IAM 830 - Graduate Ordinary Differential Equations

Credits: 3

Course is a graduate-level course on ordinary differential equations. It is designed to be accessible to first-year graduate students from math, science or engineering backgrounds who have had a first undergraduate course in differential equations, along with a standard calculus sequence. The course is designed to begin with an intensive review of undergraduate differential equations and then will proceed to handle more advanced concepts, starting with multi-dimensional coupled systems of ordinary differential equations, exponential matrix solutions, using coordinate transformations for conversion to standard forms, nonlinear systems and transform-based solutions, using coordinate transformations for conversion to standard forms, nonlinear systems and transform-based techniques. The course will have an interdisciplinary and applied style and will cover the following topics: Intense review of undergraduate differential equations, Power Series and Fourier Series solutions, Multi-dimensional D.E.s, eigenvectors and Jordan forms, Numerical Methods, Nonlinear D.E.s Dynamical Systems and Chaos.

Grade Mode: Letter Grading

IAM 851 - Introduction to High-Performance Computing

Credits: 3

Course gives an introduction to select areas of high-performance computing, providing a basis for writing and working with high-performance simulation codes. The three main topics are: 1) basic software engineering, 2) high-performance and parallel programming, and 3) performance analysis and modeling. Additional topics may include heterogeneous architectures like GPUs and data analysis/visualization.
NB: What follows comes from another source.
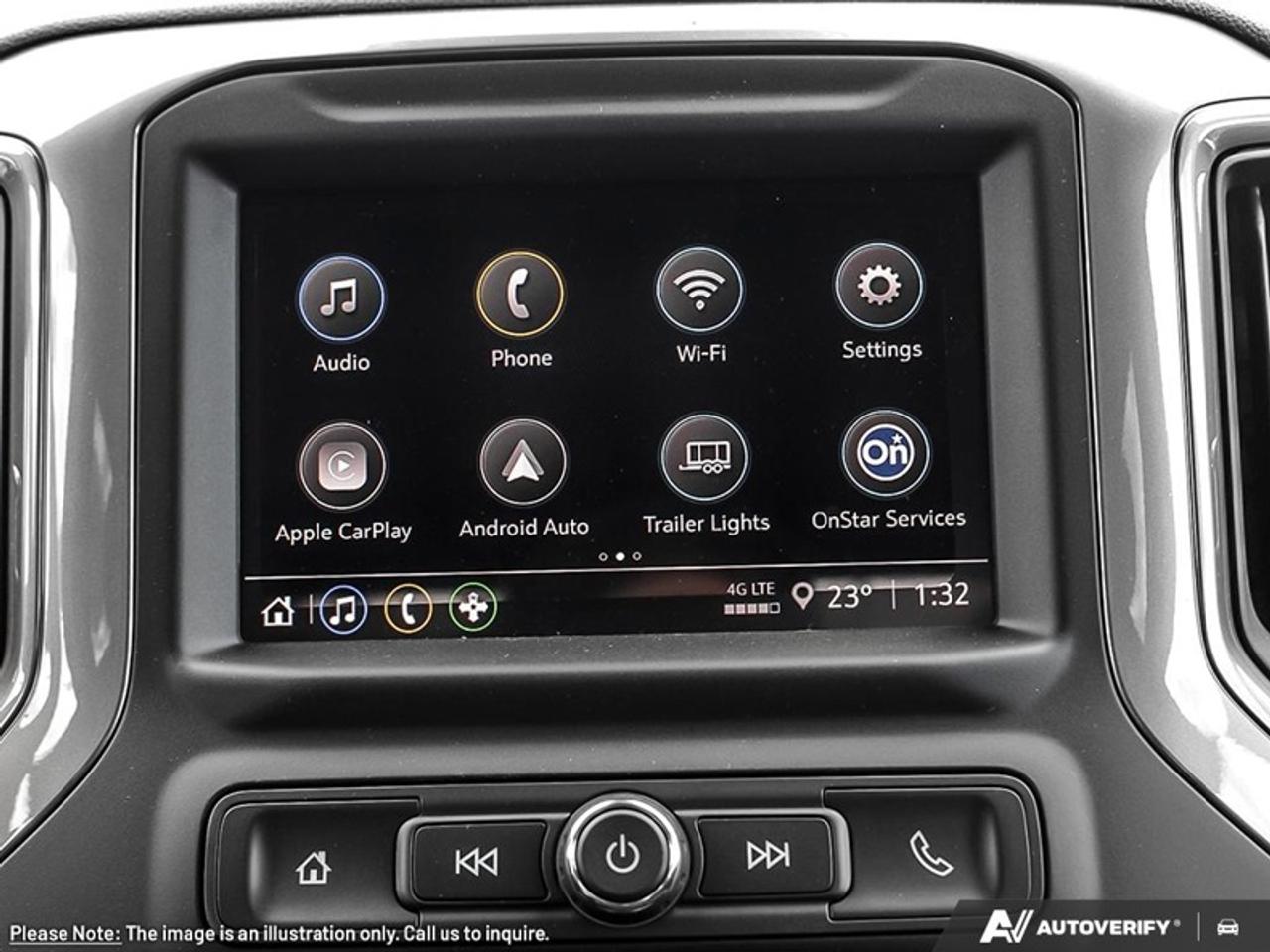 2026 Chevrolet Silverado 1500 Custom Trail Boss  2CX TRAILBOSS 5.3V8 Photo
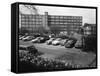 A Selection of 1960S Cars in a Car Park, York, North Yorkshire, May 1969-Michael Walters-Framed Stretched Canvas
Working knowledge of a compiled programming language (C, C++ or Fortran) is required prior to taking this course.

Grade Mode: Letter Grading

IAM 932 - Graduate Partial Differential Equations

Credits: 3

Graduate level introduction to the analysis of linear and nonlinear partial differential equations. topics include: separation of variables, Fourier series, weak and strong solutions, eigenfunction expansions, the Strum-Liouville problem, Green's functions and fundamental solutions, method of characteristics, and conservation laws. A solid foundation in Ordinary Differential Equations and Linear Algebra is required prior to taking this course.

Grade Mode: Letter Grading

IAM 933 - Applied Functional Analysis

Credits: 3

Introduction to rigorous mathematical analysis from the perspective of applications. Topics include: metric and normed spaces; convergence; completeness; continuity; Lebesgue measure theory; convergence theorems; Banach, Hilbert, Lp, and Sobolev spaces; orthogonality, bases, and projections; Sturm-Liouville theory; spectral theory; distributions; and weak solutions. Applications including to differential and integral equations, are presented throughout. Knowledge of real analysis is required, or graduate level introductory courses in mathematical physics or applied mathematics should be taken prior to taking this course.

Grade Mode: Letter Grading

IAM 940 - Asymptotic and Perturbation Methods

Credits: 3

Introduction to the asymptotic analysis of linear and nonlinear algebraic equations, ODEs, and PDEs and the asymptotic approximation of integrals arising as transform solutions to ODEs/PDEs. Topics include: algebraic equations and dominant balance; asymptotic approximations; complex variable theory and the asymptotic evaluation of integrals via Laplace's method, stationary phase, and steepest descents; the method of matched asymptotic expansions (boundary-layer theory), coordinate straining, multiple scales, averaging, homogenization theory, and WKBJ analysis for singularly perturbed ODEs and PDEs.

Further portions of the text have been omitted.